BPS Provinsi DIY mendapatkan beberapa rekomendasi dari KemenPAN RB, salah satunya tentang dokumen pembentukan tim RB di satker terkait. “Kami ditanya pemilihan anggota tim RB berdasarkan apa. Ya kita pilih karena pembagian tugas saja memang lebih dekat tupoksinya dengan subject matter,” ujar Rahmawati, Kepala Bagian Tata Usaha BPS Provinsi DIY. Lebih lanjut Rahmawati mengatakan tim penilai meminta dokumen terkait syarat anggota terpilih dan SOP tim.

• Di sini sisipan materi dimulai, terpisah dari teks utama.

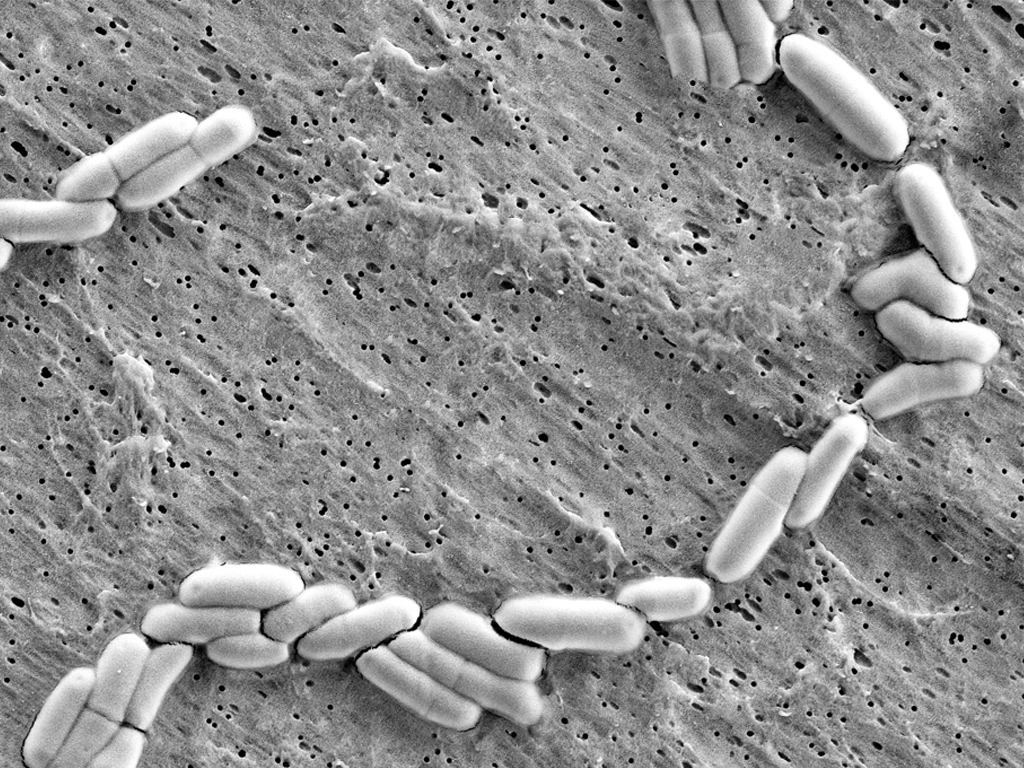  p>动物双歧杆菌(bifidobacterium),是人和许多哺乳动物肠道中的优势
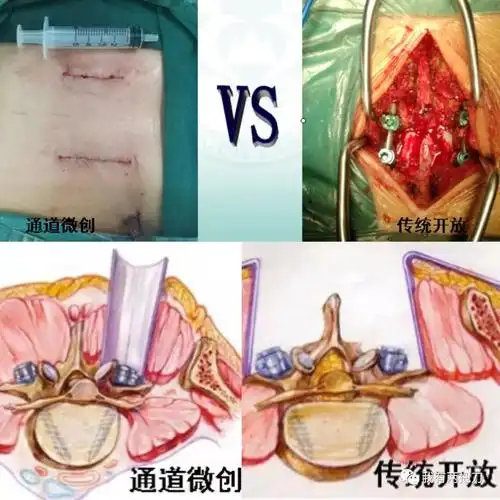 腰椎手术,无"微"不至!微创通道技术介绍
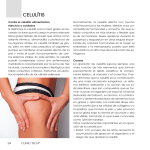 celulítis - clinic tech rf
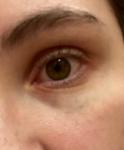 Осложнение на глаза после аллергии фото 2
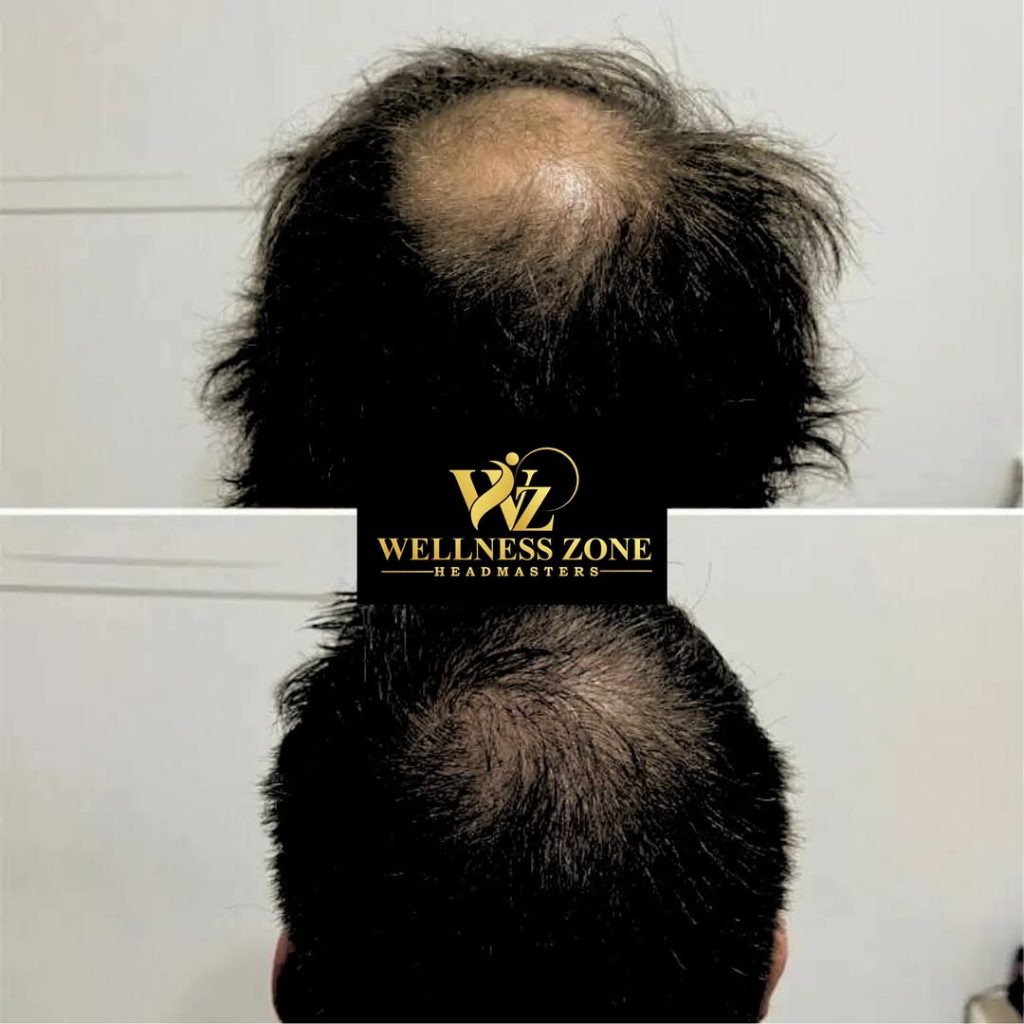 wzhm_hairtransplant-20260105-0027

Dari rekomendasi tersebut, BPS Provinsi DIY langsung meneruskannya kepada jajarannya di BPS kabupaten/kota ketika Ratekda. “Kita akan benahi secara administrasi dan menyamakan persepsi agar tidak ada yang merasa dihebatkan atau dikesampingkan,” jelas Rahmawati. Bangga bercampur khawatir, merupakan perasaan yang diungkapkan oleh Darusman, Kepala BPS Kota Tangerang Selatan ketika tahu unit kerjanya ditetapkan sebagai Wilayah Bebas dari Korupsi. “Khawatir karena takut tidak bisa memegang amanah, tapi kita mencoba yang terbaik. Persiapan khusus tidak ada, artinya tidak ada sesuatu yang harus dibuat secara tiba-tiba. Tapi mindset kita harus menyiapkan pelayanannya, PSTnya,” ujar Darusman. Masih ada beberapa hal yang mesti dipenuhi berdasarkan masukan dari Tim Penilai Nasional. “Misalnya zona integritas, mestinya ada tim zona integriras, untuk meningkatkan RB itu sendiri,” kata Setianto mengenai rekomendasi dari Tim Penilai Nasional. “Kita masih lemah dalam dokumentasi, road map, serta taat asas. Kita sedang ongoing progress. Ini tantangan kita untuk menuju ke sana,” tambah Dodi. Darusman sendiri menilai kalau pendokumentasian pekerjaan di unit kerjanya sudah berjalan. “Kalau dokumentasi sudah terbiasa, kalau ada apa kita dokumentasikan, misalnya laporan sudah lengkap file-filenya,” ungkapnya.

 

Penasbihan keempat satuan kerja ini selayaknya menjadi awalan yang baik bagi BPS secara keseluruhan menjadi suatu wilayah yang memiliki integritas sehingga praktik-praktik korupsi dapat dihiliangkan di seluruh jajaran pemerintahan. “Kita tidak bisa berpuas diri, misalnya dari pengawasan, biasanya satu kali sekarang kita dua kali, tidak hanya dari inspektorat tapi dari BPS Sulbar sendiri,” ucap Setianto.